The fantastical trips through history never seem to end for Steve Berry. The Florida author has written more than 10 books that combine real events, conspiracy theories and Indiana Jones-style adventures. They’re usually exciting, well-written stories that offer plenty of thought-provoking lessons.
But that isn’t the case with “The Columbus Affair.” The story has some enjoyable moments but they are few and far between. Some of the main characters, especially journalist Tom Sagan, felt underdeveloped or underutilized. And the plot — the mysteries surrounding Christopher Columbus — isn’t as thrilling as past Berry plots, say, the Knights Templar and the Masons (“The Templar Legacy“) and a secret society of pirates (“The Jefferson Key”).
But Berry is a motivated storyteller and indefatigable researcher, and there’s enough action and intrigue in “The Columbus Affair” to make it a tale worth reading. It just falls short when compared to the author’s previous works.
The story begins with Sagan sitting at his Florida home, gripping a gun. The Pulitzer Prize-winning investigative journalist “simply did not want to live any longer.” He has lost pretty much everything — including job and wife — after his controversial report on a war-torn region was labeled a fraud. He suspects it was a deliberate act of sabotage, but by who?

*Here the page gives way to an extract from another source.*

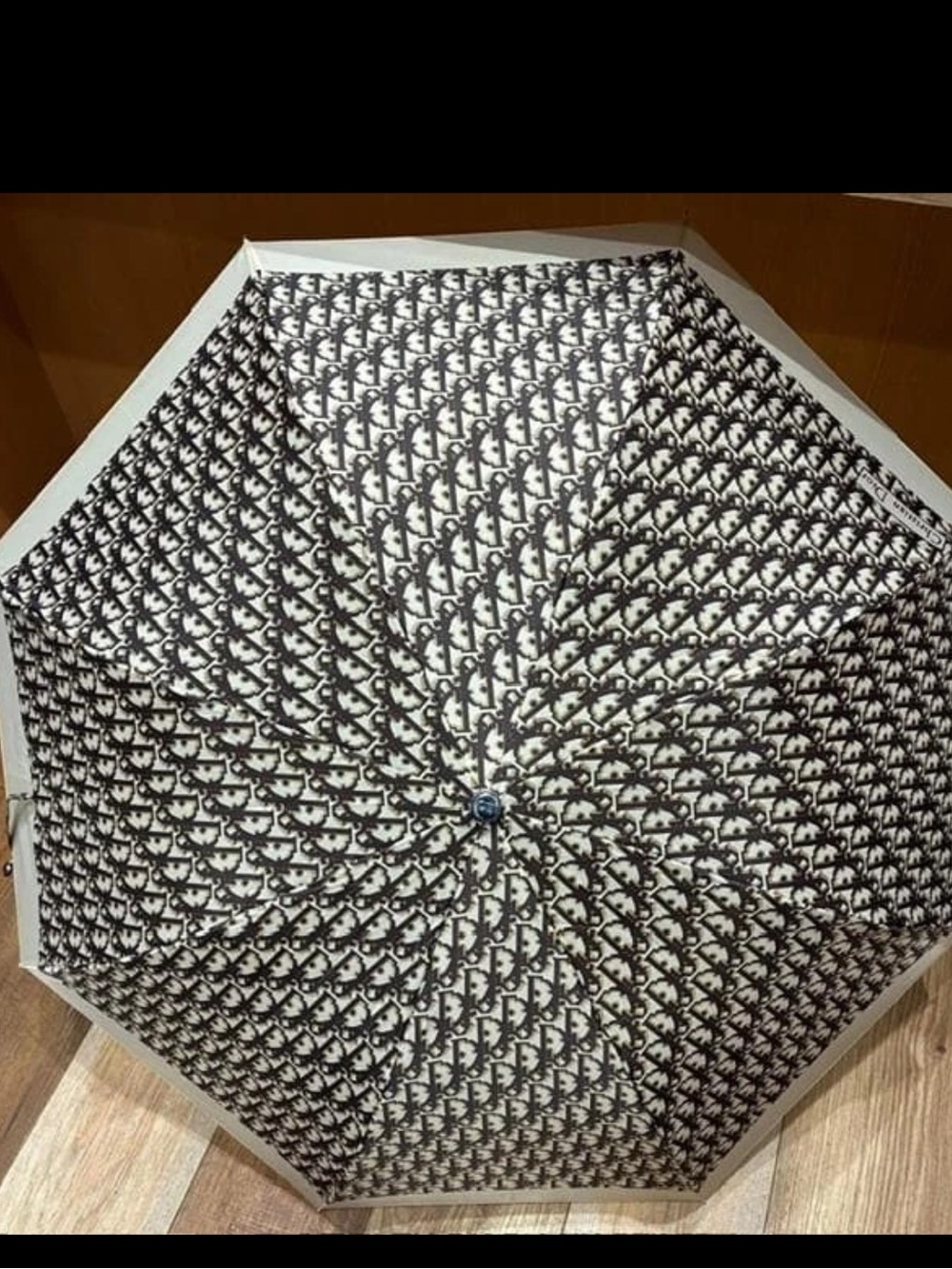 FASHION Black and White Foldable Umbrella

Before he pulls the trigger, he is paid a visit by Zachariah Simon, a fanatical Jewish businessman and scholar who is looking for an ancient secret treasure that somehow escaped the destruction of the Second Temple in Jerusalem in 70 A.D. Simon believes that Sagan knows where the treasure is located. He has kidnapped Sagan’s daughter and holds her for ransom. The journalist wants to save his daughter’s life and reluctantly agrees to go with Simon on a high-stakes journey that will affect the rest of their lives.

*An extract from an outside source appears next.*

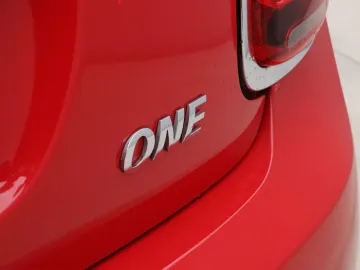 Car image 28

How does this involve Columbus? Well, the famed explorer and founder of the New World has a truly mysterious past. “The Columbus Affair” mines the theory that Columbus himself may have been a Jew and may have carried some or all of that treasure to the New World, particularly Jamaica, on his voyages.
Simon believes in this theory and is willing to burn the candle at both ends to obtain that treasure, which could cause serious cultural and geopolitical ramifications. The adventure starts in Florida, but goes to Vienna and Prague before reaching a climax in Jamaica.